Entre l’artifice et la nature, ce n’est pas une ressemblance, c’est une identité de fond. La zone indiscernable entre les plantes et Gertrude est plus profonde qu’une identification sentimentale. L’indéterminabilité désigne une attente folle, incontenable dans les mots de la botanique, qui plantent dans les jardins savants des étiquettes presque toutes inutiles car elles expriment la plupart du temps la même chose : la caducité du classement. Gertrude ne traite pas les noms de fleur à la légère. Quand un jardinier bien intentionné lui explique les vertus médicinales des fleurs d’églantier, elle devient inquiète et plisse son front lisse.
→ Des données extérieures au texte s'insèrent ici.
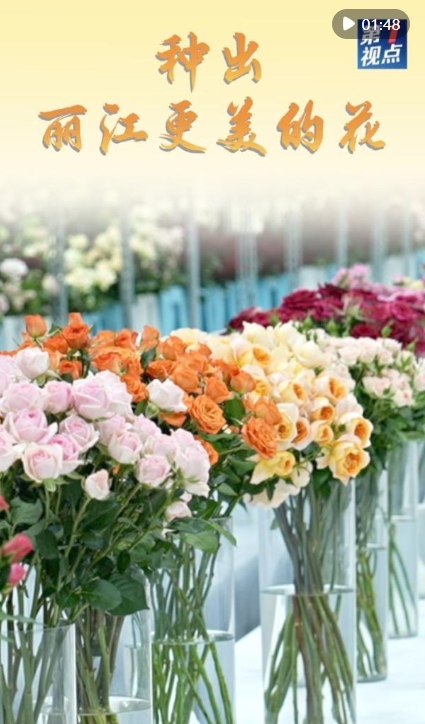 微信截图_20250320204446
Elle porte l’extravagance poilue d’un bédégar à ses lèvres et la caresse de la “barbe de Saint Pierre” lui confirme une fois de plus que la seule clef astringente et tonique est celle de sa croyance aux miracles. Ainsi, toutes les choses de la nature se tiennent et ouvrent aux plus infimes manifestations de la seconde vie de Gertrude dans son innocence absolue. Cette recherche d’un savoir subtil, tendre et attentif, fait nécessairement penser à celle de Gertrude Kolmar qui écrit avec la fragilité d’un rosier sauvage déraciné.
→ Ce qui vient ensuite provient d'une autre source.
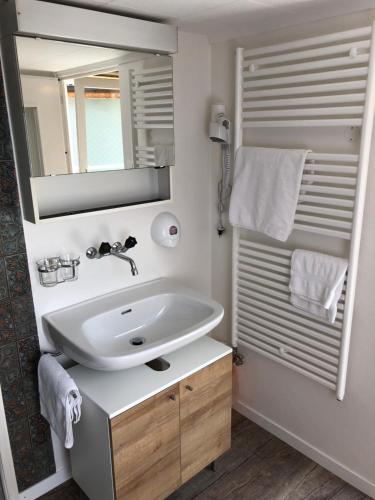 a bathroom with a sink and a mirror at Hotel Restaurant Simplon in Frutigen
Si imprévue, si étrange, si complètement mystérieuse est cette créature, qu’on est tenté de voir en elle un être imaginaire. Il n’en est rien, Gertrude appartient à une espèce rare et polymorphe de mauve au nom évocateur signifiant "mal qui me poursuit, va-t’en". La surface de cette plante est tantôt lisse, tantôt velue, elle est bisexuelle et riche de multiples qualités phytothérapiques. Légèrement laxative, efficace en cas de toux, enrouement, laryngite, angine ou sécheresse de la langue, de la famille des fausses guimauves, c’est merveille en infusion ou gargarisme. C’est dire que la taxinomie et l’amour peuvent faire bon ménage. Elle a d’ailleurs servi de source d’inspiration pour une femme éternelle. Gertrude rayonne d’une tendresse lucide, puissante et inépuisable. Elle change notre regard sur nous-mêmes. Elle nous aide à affronter notre histoire et à en pressentir la part irréductible et non cessible au temps. Ainsi, toutes les choses de la nature se tiennent et ouvrent aux plus infimes manifestations de la seconde vie de Gertrude dans son jardin d’herbes. Cette recherche des sentiers de traverse herbus fait nécessairement penser à celle de Gertrud von Le Fort qui n’avait que la volonté de vivre.